The two methods to increase the drama.
The first method is to keep descriptive writing to a minimum.
Long descriptions of people, processes or a landscape can be beautiful, but they slow down the story because nothing is happening. In a small story you don’t need those descriptions. You only need a couple of details to make the story feel realistic and help learners visualise what’s happening.
So, when reviewing a training story ask yourself:
You only need enough detail to achieve these two goals.
The second method for upping the pace of a story is to slow down the action by explaining the sequence of action in more detail. This may sound counterintuitive, but when you describe actions step by tiny step the drama heightens, and the story becomes more compelling.

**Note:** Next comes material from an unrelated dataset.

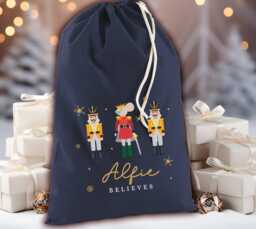 Personalised Christmas Sack - Merry Children's Gifts Girls Boys Stockings- Eve Bag- Nutcracker - thumbnail 1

Think back two weeks ago to the rugby story. Instead of writing: ‘She receives the ball. She runs towards the corner. She drives through a tackle’. And as readers we wait to see if she scores a try. This is just a simple example.
Lee Child is the author of the Jack Reacher books, and he’s a master in slowing down the action to create drama and suspense. In his book ‘Die Trying’, he uses 225 words to describe the moment of a single pistol shot. So, that’s 225 words to describe less than one hundredth of a second. And it takes you about one minute to read. That’s slowing down the action.

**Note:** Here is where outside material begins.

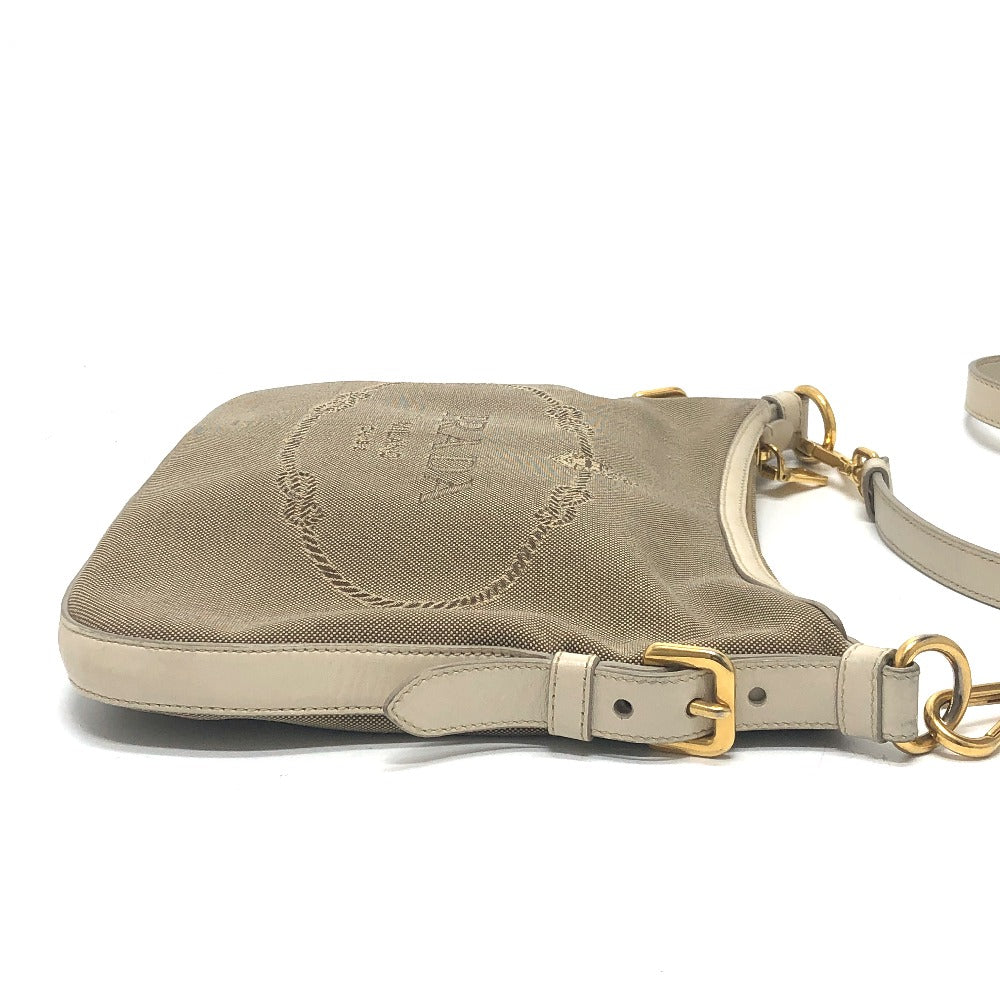 PRADA Shoulder Bag Canvas / leather beige logo Jacquard Women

He writes pages about pulling the trigger. With every sentence you become more anxious as a reader: What will happen? Who will be killed?
We’re not writing thrillers so we don’t need Lee Child’s skills, but we can follow his principle of slowing down the action to heighten the action.
So, here’s an example of a boring story:
Imagine a cycle ride from Christchurch to Dunedin.
You’re in Christchurch and it’s a 240-mile journey to watch a concert in Dunedin.
At the end of the journey, you feel exhausted, your back hurts, and your nerves are frayed. But, whoop, whoop. You’re just in time for the concert.
This story is boring because there’s no action, no narrative, no drama. It’s barely a story. There’s a simple way to make this story more compelling: Add more action, Let’s have a look. We can keep the opening sentence: Imagine a cycle ride form Christchurch …
Next, we add the actions you would take to prepare for the journey: You pack your bags. You check your bicycle for tyre pressure and ensure you have a spare tyre and tools.
Do you see how you can imagine the preparation for the trip? You can picture the actions… as if you’re standing next to the author checking tyre pressure. It’s almost as if you’re joining this adventure. That’s the power of visual language. There’s also a sense of anticipation. What will happen next on this long cycle trip?
Next comes the story of the road trip itself: Despite road works, discourteous in some cases dangerous motorists, and a flat tyre, you arrive in Dunedin one day later.
So, the story about the cycle trip is kept very short as it’s only the start of a training programme about cycling for health. After all it’s only a miniature story and it ends with a quick summary of the state you arrive in. You’re exhausted. Your back hurts. Your nerves are frayed.